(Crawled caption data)
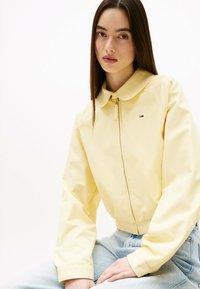 Geel cropped jasje met een kraag en een rits aan de voorkant, met een klein logo op de borst. Model draagt het met lichtblauwe denim jeans.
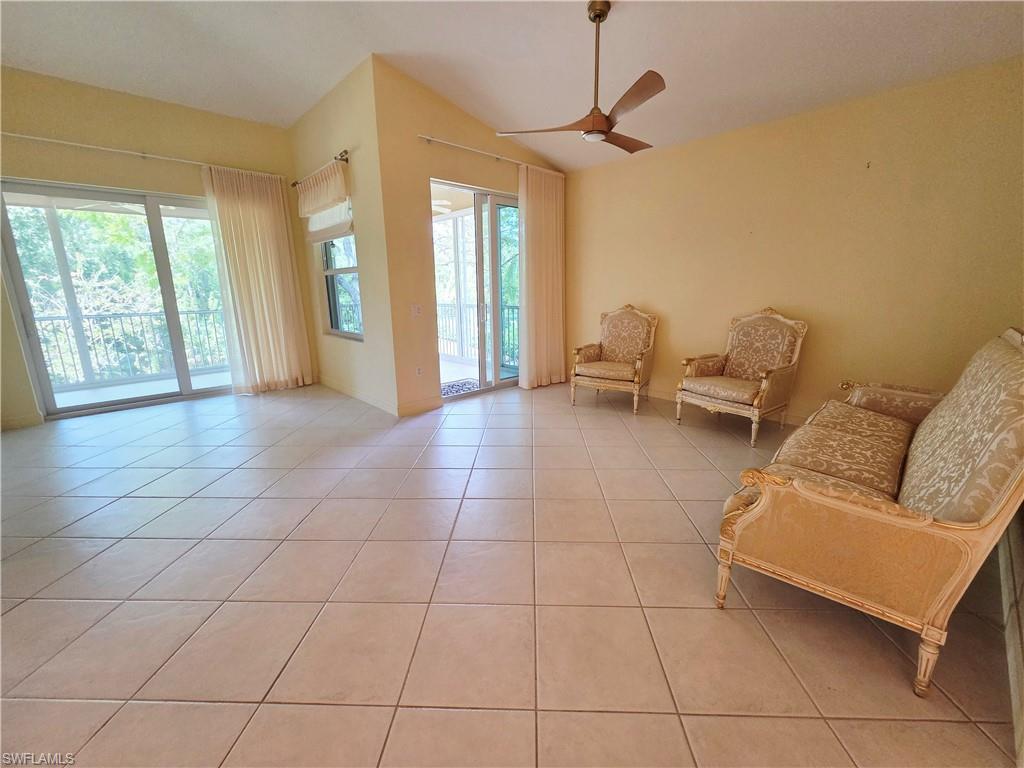 6775 Huntington Lakes Circle, Unit 202 Naples, FL 34119 - Photo 20 of 46 a living room with couches and large windows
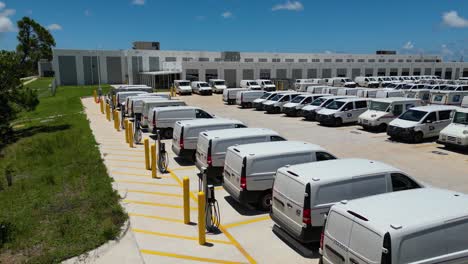 Slowly-dropping-low-drone-shot-of-a-row-of-USPS-delivery-trucks-behind-large-post-office-next-to-row-of-newly-installed-electric-vehicle-chargers-in-preparation-of-NGDV-electric-trucks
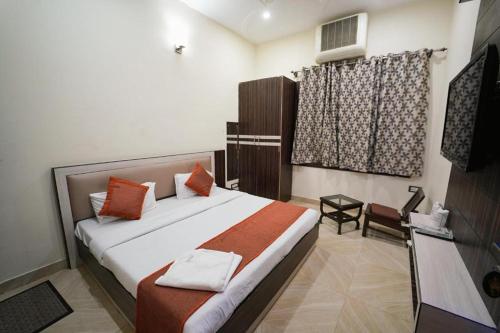 a bedroom with a bed and a chair and a window at Royal Taj Twin Palace near Taj Mahal in Agra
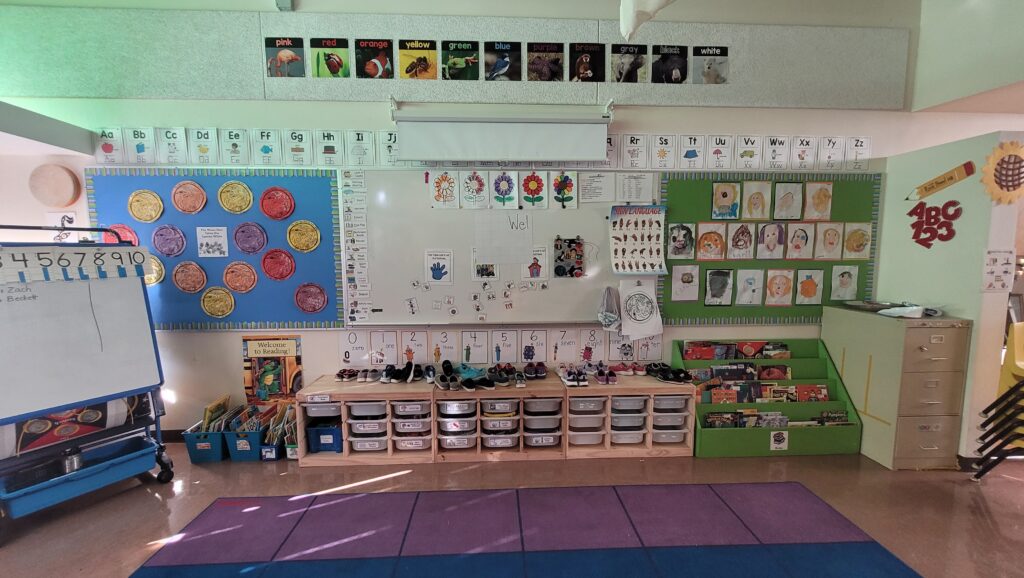 Colorful classroom corner with a rectangular rug featuring a Native American-inspired design. Shelves line the walls, filled with assorted learning materials and colorful books. Brightly decorated bulletin board on the right.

_What the exercise asks_
What the answer needs is every record above, exactly as written, and no pictures.

_Completed exercise_
 Geel cropped jasje met een kraag en een rits aan de voorkant, met een klein logo op de borst. Model draagt het met lichtblauwe denim jeans.
 6775 Huntington Lakes Circle, Unit 202 Naples, FL 34119 - Photo 20 of 46 a living room with couches and large windows
 Slowly-dropping-low-drone-shot-of-a-row-of-USPS-delivery-trucks-behind-large-post-office-next-to-row-of-newly-installed-electric-vehicle-chargers-in-preparation-of-NGDV-electric-trucks
 a bedroom with a bed and a chair and a window at Royal Taj Twin Palace near Taj Mahal in Agra
 Colorful classroom corner with a rectangular rug featuring a Native American-inspired design. Shelves line the walls, filled with assorted learning materials and colorful books. Brightly decorated bulletin board on the right.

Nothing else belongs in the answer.